Extract every line starting at the line that contains "978 Lytton Road" and ending with the final line of the data, inclusive; give only those lines, word for word.

------

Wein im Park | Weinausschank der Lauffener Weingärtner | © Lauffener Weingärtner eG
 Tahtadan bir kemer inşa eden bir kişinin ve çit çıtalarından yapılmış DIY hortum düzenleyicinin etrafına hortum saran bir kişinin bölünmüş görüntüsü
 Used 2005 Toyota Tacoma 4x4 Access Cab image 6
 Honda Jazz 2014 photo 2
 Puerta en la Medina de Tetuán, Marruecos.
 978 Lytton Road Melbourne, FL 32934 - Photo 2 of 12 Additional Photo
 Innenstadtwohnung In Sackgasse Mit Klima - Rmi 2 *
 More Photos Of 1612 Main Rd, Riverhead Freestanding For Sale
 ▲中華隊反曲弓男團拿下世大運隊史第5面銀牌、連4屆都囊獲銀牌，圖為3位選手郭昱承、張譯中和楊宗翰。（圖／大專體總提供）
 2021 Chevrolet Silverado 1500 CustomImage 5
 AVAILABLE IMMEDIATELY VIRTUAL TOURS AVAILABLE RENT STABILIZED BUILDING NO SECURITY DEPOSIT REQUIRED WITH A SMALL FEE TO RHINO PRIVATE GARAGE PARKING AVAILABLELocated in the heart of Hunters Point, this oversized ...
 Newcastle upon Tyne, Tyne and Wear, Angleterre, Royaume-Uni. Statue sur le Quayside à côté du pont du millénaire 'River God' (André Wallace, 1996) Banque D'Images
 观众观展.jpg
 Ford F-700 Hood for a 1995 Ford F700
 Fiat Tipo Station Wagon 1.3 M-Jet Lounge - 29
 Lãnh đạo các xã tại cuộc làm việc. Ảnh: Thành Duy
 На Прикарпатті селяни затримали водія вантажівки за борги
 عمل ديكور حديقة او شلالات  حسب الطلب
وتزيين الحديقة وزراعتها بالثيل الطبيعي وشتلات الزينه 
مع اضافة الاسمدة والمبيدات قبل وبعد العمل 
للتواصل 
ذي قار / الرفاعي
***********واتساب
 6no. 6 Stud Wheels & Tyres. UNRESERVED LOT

------

_EXERCISE ANSWER:_
 978 Lytton Road Melbourne, FL 32934 - Photo 2 of 12 Additional Photo
 Innenstadtwohnung In Sackgasse Mit Klima - Rmi 2 *
 More Photos Of 1612 Main Rd, Riverhead Freestanding For Sale
 ▲中華隊反曲弓男團拿下世大運隊史第5面銀牌、連4屆都囊獲銀牌，圖為3位選手郭昱承、張譯中和楊宗翰。（圖／大專體總提供）
 2021 Chevrolet Silverado 1500 CustomImage 5
 AVAILABLE IMMEDIATELY VIRTUAL TOURS AVAILABLE RENT STABILIZED BUILDING NO SECURITY DEPOSIT REQUIRED WITH A SMALL FEE TO RHINO PRIVATE GARAGE PARKING AVAILABLELocated in the heart of Hunters Point, this oversized ...
 Newcastle upon Tyne, Tyne and Wear, Angleterre, Royaume-Uni. Statue sur le Quayside à côté du pont du millénaire 'River God' (André Wallace, 1996) Banque D'Images
 观众观展.jpg
 Ford F-700 Hood for a 1995 Ford F700
 Fiat Tipo Station Wagon 1.3 M-Jet Lounge - 29
 Lãnh đạo các xã tại cuộc làm việc. Ảnh: Thành Duy
 На Прикарпатті селяни затримали водія вантажівки за борги
 عمل ديكور حديقة او شلالات  حسب الطلب
وتزيين الحديقة وزراعتها بالثيل الطبيعي وشتلات الزينه 
مع اضافة الاسمدة والمبيدات قبل وبعد العمل 
للتواصل 
ذي قار / الرفاعي
***********واتساب
 6no. 6 Stud Wheels & Tyres. UNRESERVED LOT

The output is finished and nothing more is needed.